** Exercise data follows **

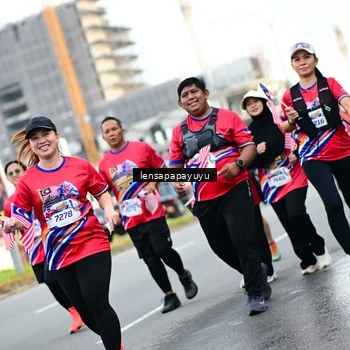 Runner Photo 6014659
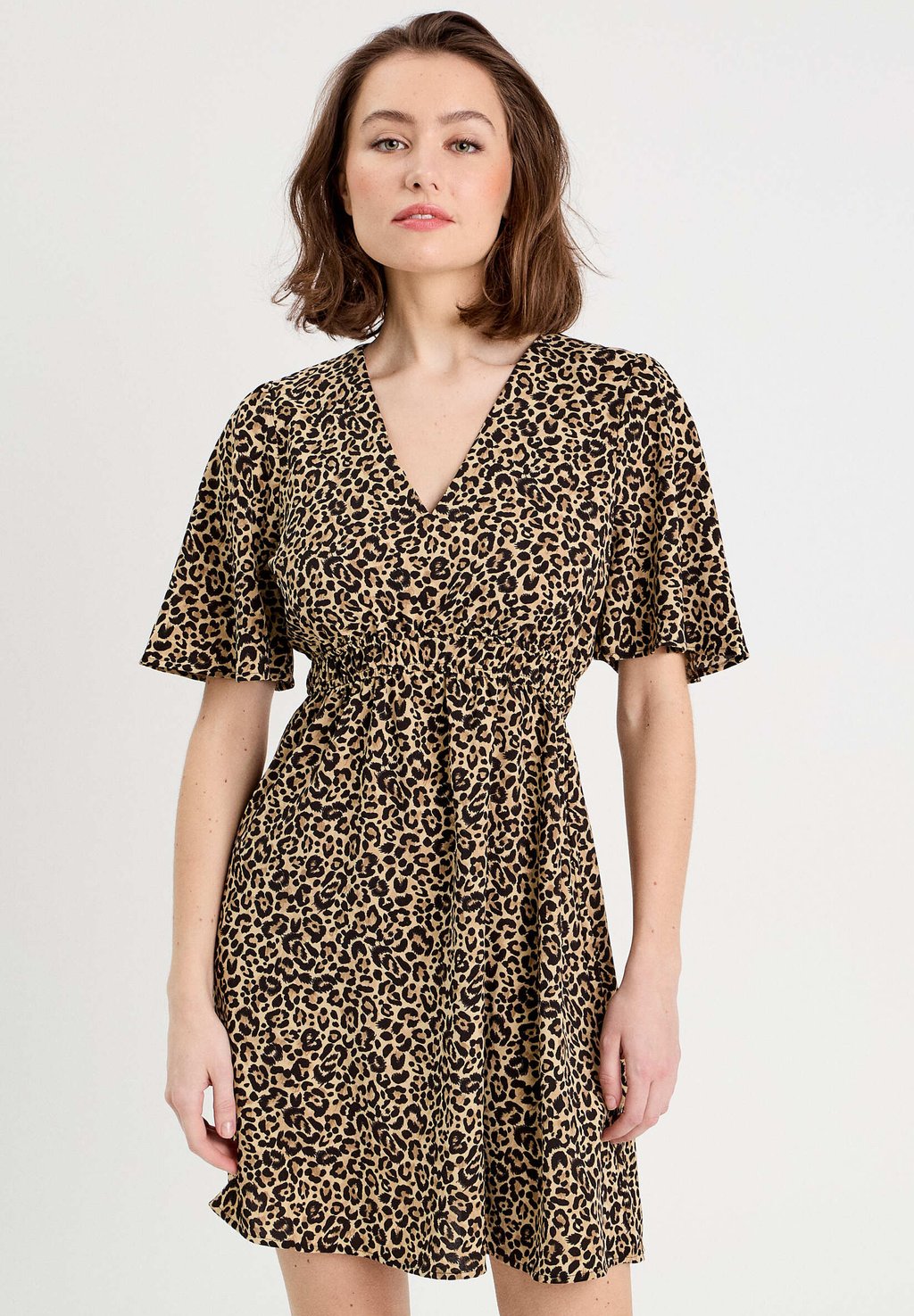 Повседневное платье KURZARM Cache Cache, бежевый
Повседневное платье KURZARM Cache Cache, бежевый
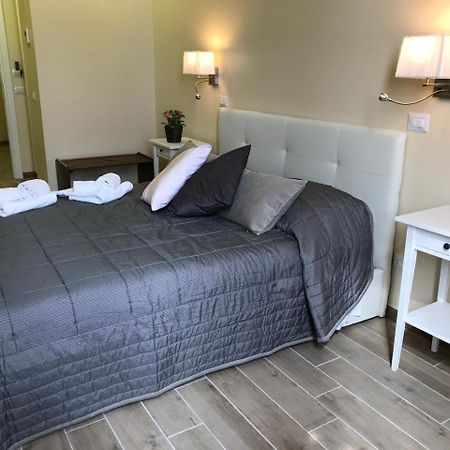 Serventi Longhi Rooms Roma Exterior foto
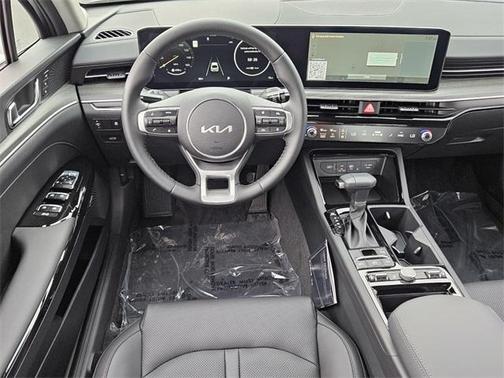 2025 Kia K5 EX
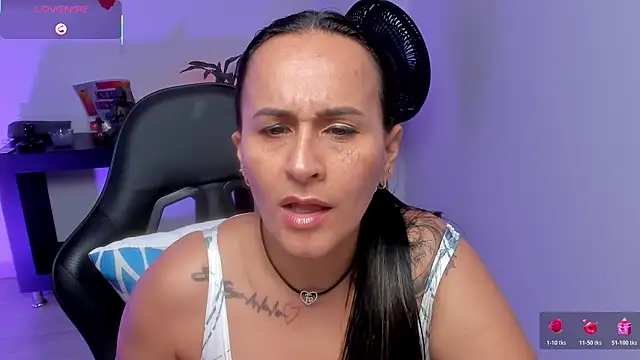 Sara_Charmy webcam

** End of Exercise data **

### Task prompt
Return every entry word for word, minus the pictures.

### Your solution
 Runner Photo 6014659
 Повседневное платье KURZARM Cache Cache, бежевый
Повседневное платье KURZARM Cache Cache, бежевый
 Serventi Longhi Rooms Roma Exterior foto
 2025 Kia K5 EX
 Sara_Charmy webcam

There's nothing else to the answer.